At this point one has to pinch one’s arm – are we not talking about incredibly important texts preserved in old manuscripts, each different from the other, each with its fascinating history? How could it have come to this? Show a moderately curious person a manuscript and he or she is invariably smitten, drawn towards its peculiarity, its message, the miracle of its existence. Verily I say unto you: Those medievalists who deny themselves the opportunity to work with manuscripts are losing out on one of the greatest pleasures they can have with their clothes on. (Svanhildur 14-5, bold emphasis mine)

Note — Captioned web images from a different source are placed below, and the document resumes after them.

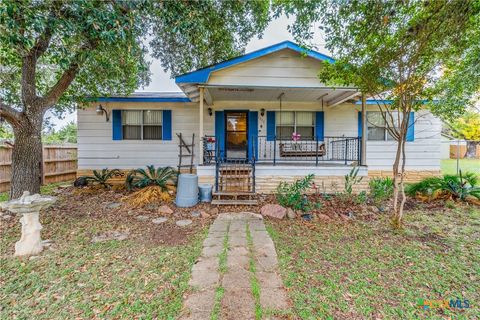 A home in Canyon Lake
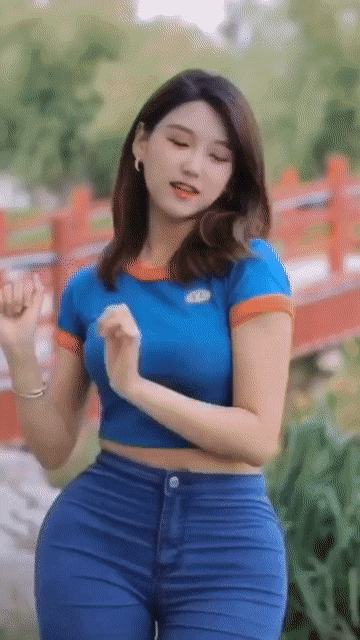 Thicc Asian gif @ xGifer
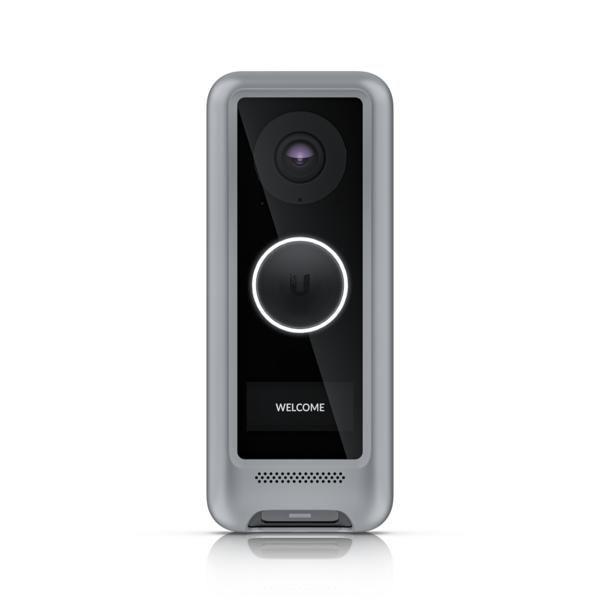 G4 Doorbell Cover silver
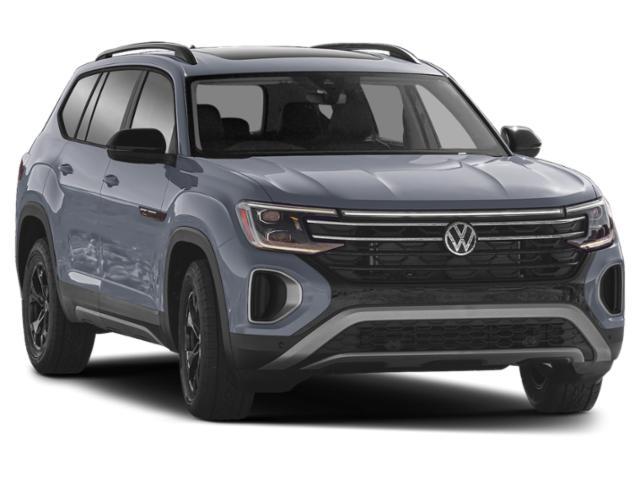 new 2025 Volkswagen Atlas car, priced at $45,546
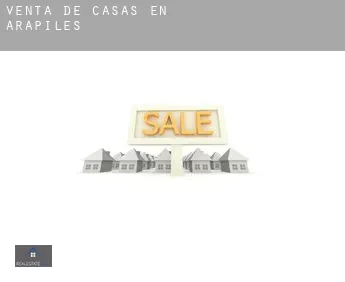 Venta de casas en  Arapiles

One of the main reasons, I believe, for the bankruptcy (if that is not too strong a word) of the Arnamagnæan approach to editing is the fact that projects have been the responsibility of individuals. The ever-increasing demands that every stone be turned have blown the edition of even the shortest of texts into a gigantic task that requires years of solitary confinement to complete. No sane person wants to spend her life like that. And why should she? Modern editorial projects should be defined
as group projects. Not only will this save editors from depression and loneliness, but it will increase the likelihood of the projects making it past the goalposts, of editions actually materializing, and – last but not least – it is the only way out of the prison of specialization. By bringing together the efforts of a group of people and pooling resources, we can have our cake and eat it – we can fulfill the modern criteria for accuracy and transparency in the presentation of the manuscript evidence, but we can also unite the world of nineteenth-century philologists and the interests of the many branches of twentieth-century scholarship. This is because every member of the group will wear the cloak of the philologist as well as being a linguist, or a historian, a literary historian, or art historian. The collective work on the text will inform the studies of the individuals, and their various expertise will bring valuable insights and interpretations which will be fed into the commentary on the texts. (Svanhildur 16-7)

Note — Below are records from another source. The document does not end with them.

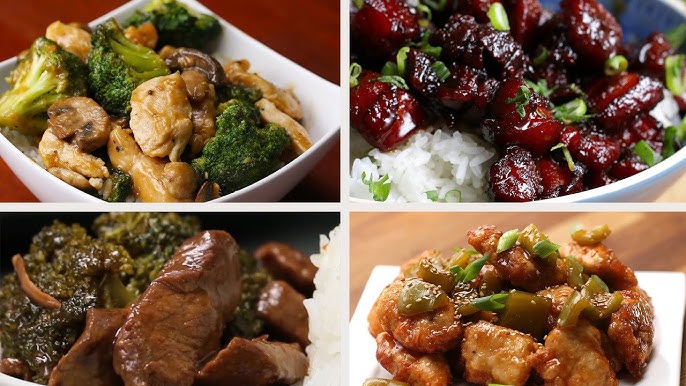 Learn How to Cook BuzzFeeds Top Chinese Takeout Recipes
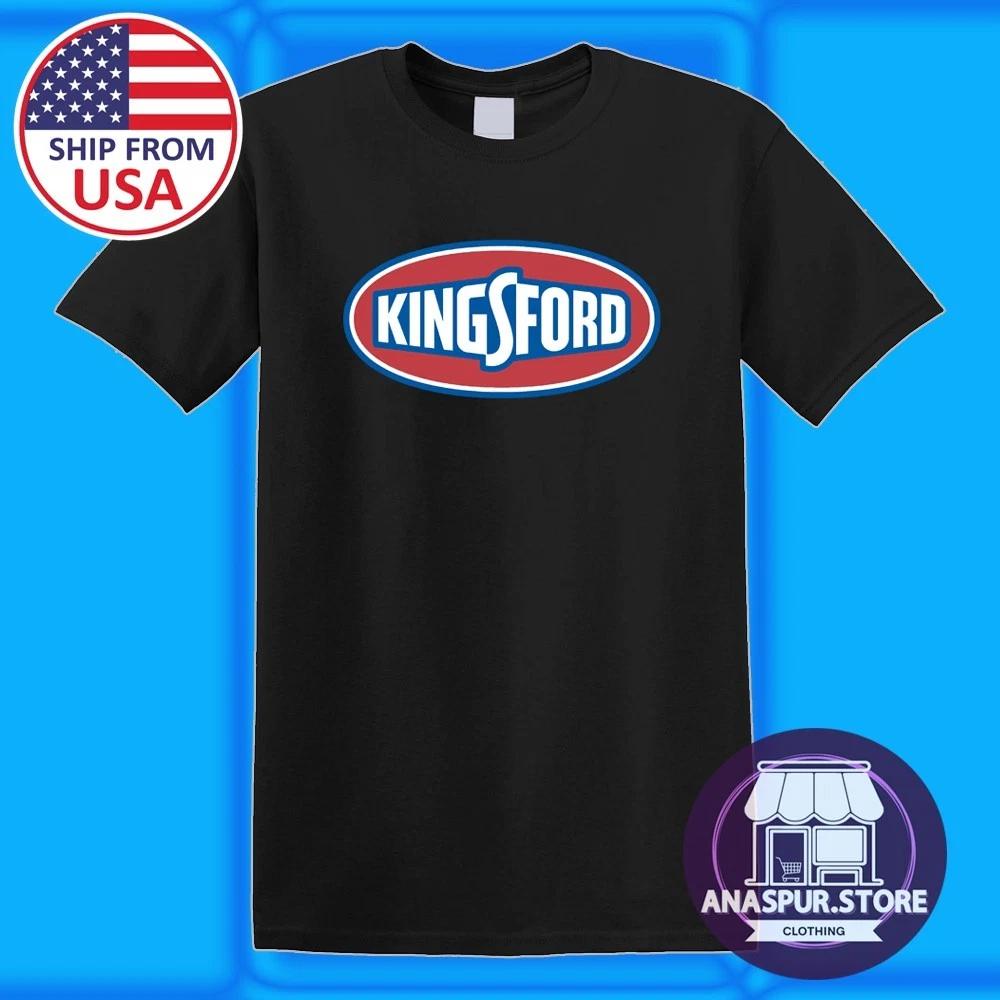 

Kingsford BBQ KFD Men s Black Size S-5XL 2XL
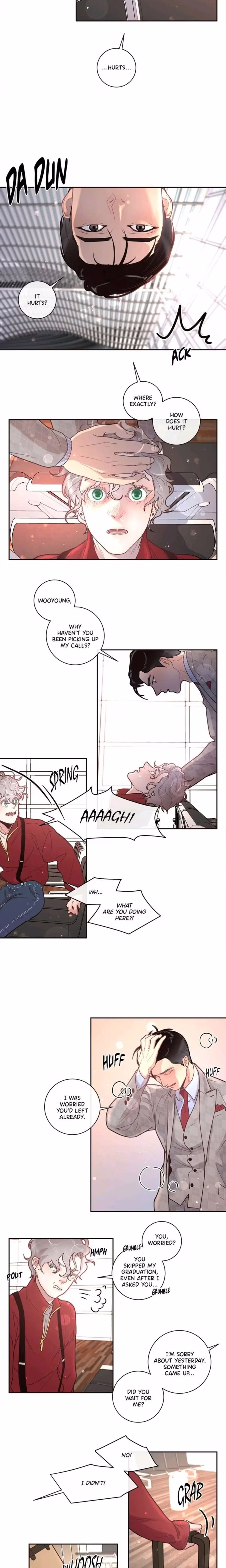 How to Snag an Alpha - Chapter 27 - Part 5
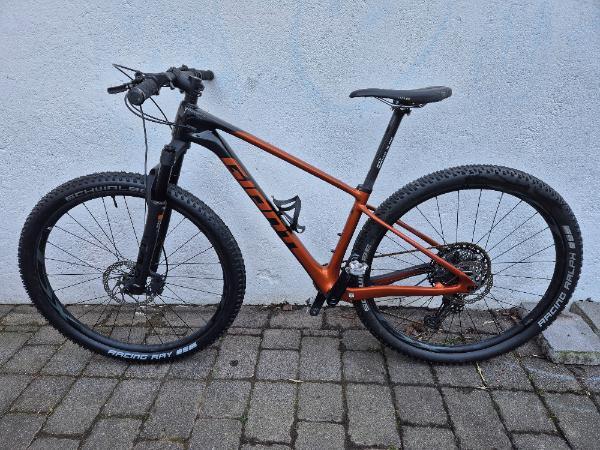 Tussen Particulieren - Giant XtC Advanced 2 29'' S Koolstof 2/7
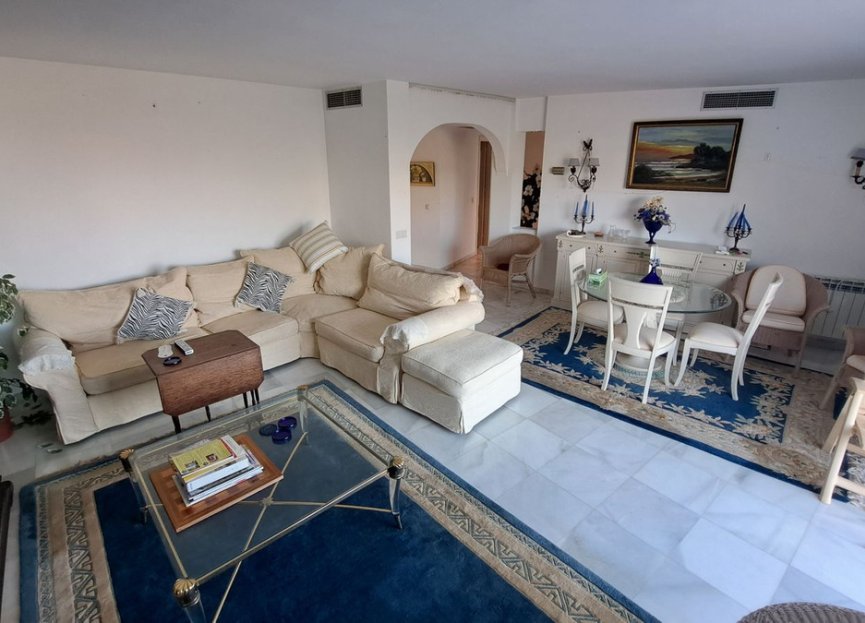 Resale - Apartment - Middle Floor Apartment - Mijas - Miraflores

And the main thing is: anyone can do it [manuscript editing]. The only prerequisite is a knowledge of the language – a skill that is necessary anyway for any person who intends to become seriously involved in Old Norse studies. The flip-side of that coin is that one’s knowledge of the language is greatly enhanced by grappling with editing texts. So it works both ways and gradually one becomes more adept. However, the basic responsibility for language acquisition lies with all your universities. It is vital to preserve the teaching of Old Norse/Icelandic language in as many places as possible. And when students have progressed beyond the initial stage, it is desirable that editing projects be accepted as part of their degrees. (Svanhildur 19)
Electronic editions must not become yet another area of specialization, where we have on the one side a small band of experts who know all about how to produce them – in theory – and on the other hand a handful of ageing philologists who are supposed to be the practitioners but haven’t a clue how to orientate themselves in the unfamiliar building. Theory and practice must go hand in hand. And practical considerations must be given attention. If editorial projects are to be realistic, a balance must be struck between possibility and feasibility. There is hardly a limit to the detail one can get into when editing and commentating a text. This holds true for printed editions, and in the electronic world the possibilities have multiplied. You can tag yourself to death. Let’s not lose the will to live. (Svanhildur 21)
And she ends with this:
Every person in this auditorium knows the meaning of the word philology. It means love of words. So let’s do it – let’s fall in love. (Svanhildur 21)From:
Svanhildur Oskarsdottir. “To the letter: Philology as a core component of Old Norse studies.” Scripta Islandica, vol. 60, 2009, pp. 7–21.